Three men have appeared in court in Madrid to face trial over their alleged roles in the 2017 terror attacks in Catalonia that left 16 people dead and 140 wounded.
The perpetrators of the atrocities – Spain’s worst terror attack since the Madrid train bombings in March 2004 – used a van to knock down pedestrians on Barcelona’s La Rambla boulevard on 17 August 2017 and then staged another assault the following day in the Catalan coastal town of Cambrils.
Local police shot the five Cambrils attackers dead at the scene while officers killed the Barcelona attacker a few days later. Isis claimed responsibility for the attacks, saying their authors were “soldiers of the Islamic State”.

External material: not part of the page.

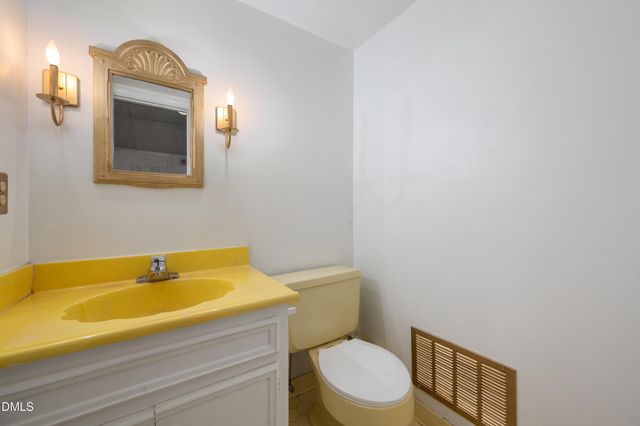 701 N Carr Street, Mebane, NC 27302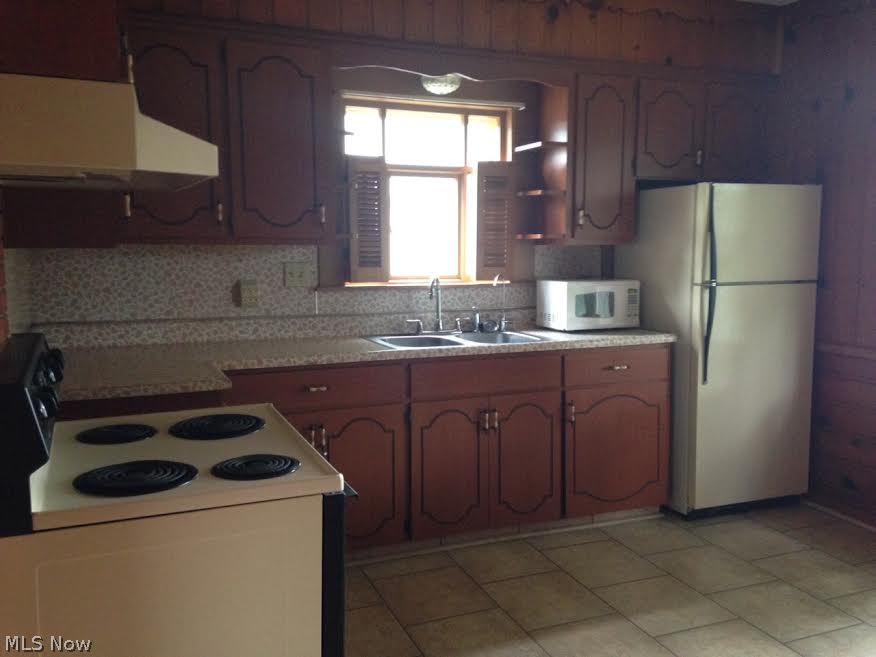 Goodyear Heights - Residential Lease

One of those on trial, Mohamed Houli Chemlal, said the cell had been planning larger scale bomb attacks against targets including Barcelona’s Sagrada Familia church, but had changed their plans after an explosion tore through the house where the plotters were staying in the coastal town of Alcanar.

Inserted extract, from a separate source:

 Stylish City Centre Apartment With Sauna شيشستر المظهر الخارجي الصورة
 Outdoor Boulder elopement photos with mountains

The Catalan police, the Mossos d’Esquadra, also said the blast had deprived the group of the capacity to stage an even deadlier attack.

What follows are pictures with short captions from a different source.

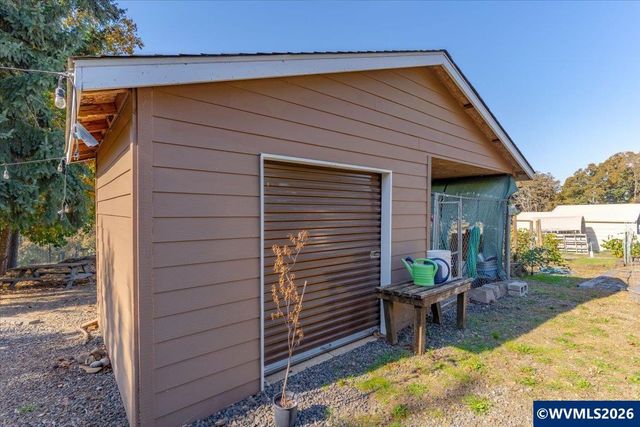 8471 Tyrone Ln SE, Salem, OR 97317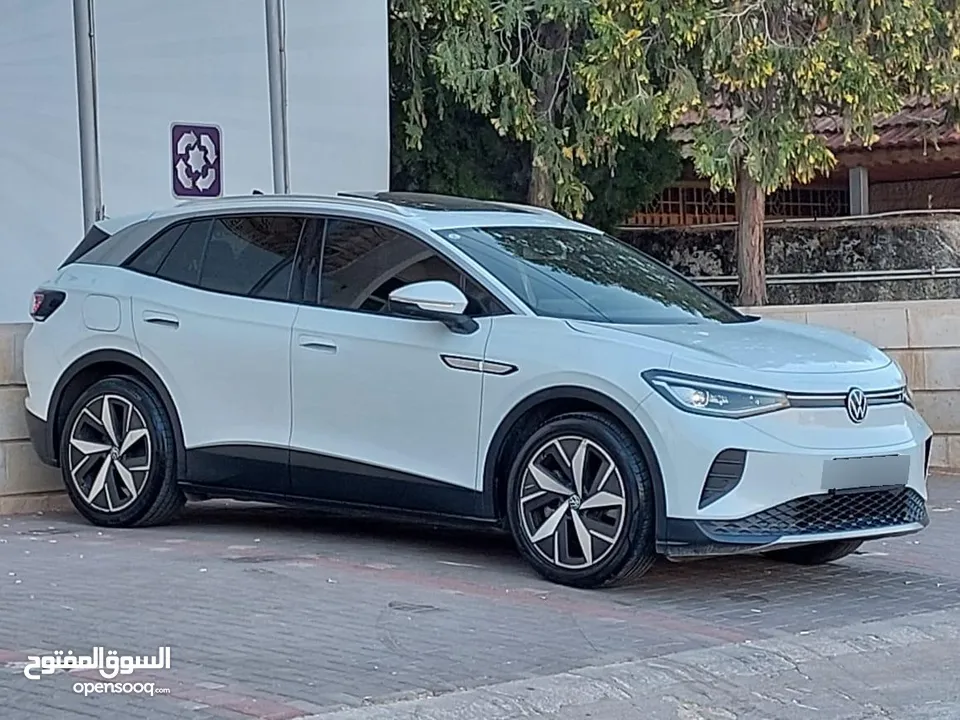فولكسفاغن ID4  بيور بلس 2022 / قطعت 27 فقط/ فحص كاامل
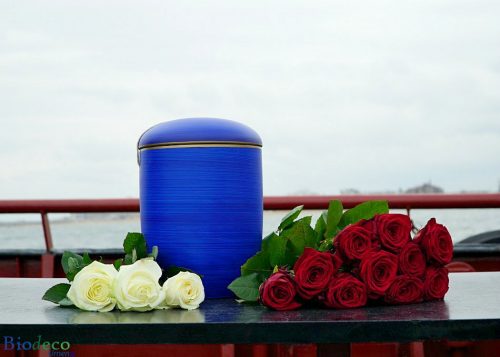 Biologisch afbreekbare zee-urn oceaanblauw, opgesteld op een schip voor asbijzetting in de Noordzee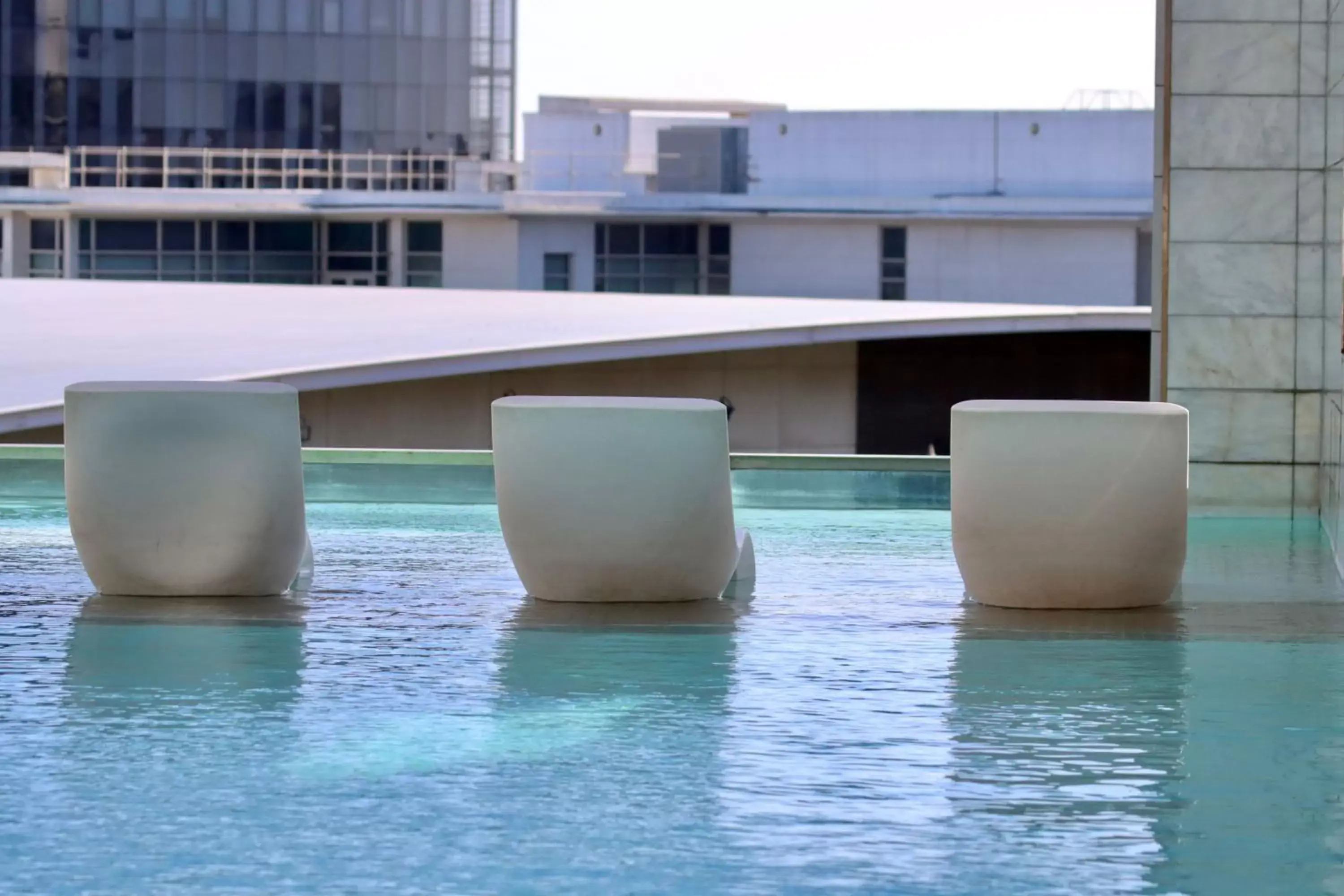 Swimming Pool in Cape Town Marriott Hotel Crystal Towers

“The explosion in Alcanar meant they no longer had the necessary material to plan larger scale attacks in Barcelona,” said Josep Lluís Trapero, head of the force at the time. “They were probably trying to carry out a different kind of attack.”
Chemlal was injured in the blast, which killed two of the plotters, including Abdelbaki Es Satty, an imam suspected of radicalising and organising the cell.
Prosecutors are seeking a 41-year jail term for Chemlal on charges of belonging to a terrorist organisation, possession of explosives and conspiracy to commit terrorist acts. But, like his co-accused, Chemlal is not facing murder charges.
Driss Oukabir, whose brother was one of the attackers shot dead in Cambrils, faces the same charges as Chemlal, for which prosecutors are seeking a 36-year sentence. The 31-year-old has admitted hiring the van used in the Barcelona attack, but claims he believed the vehicle had been hired for a house move.
The third defendant, Said Ben Iazza, 27, faces an eight-year sentence on charges of collaborating with a terror group for allegedly lending the conspirators his identity documents and a van “that he knew would be used to buy and transport chemical products”.
The head of one of the victims’ associations that is acting as a civil party in the proceedings said he would push for the accused to answer for the deaths of those murdered in the attacks.
“[We’re] going to fight for a murder charge and sentence for the accused … regardless of how close or far they were from the van [used in Barcelona],” said Eulogio Paz.
The trial is expected to run until 16 December.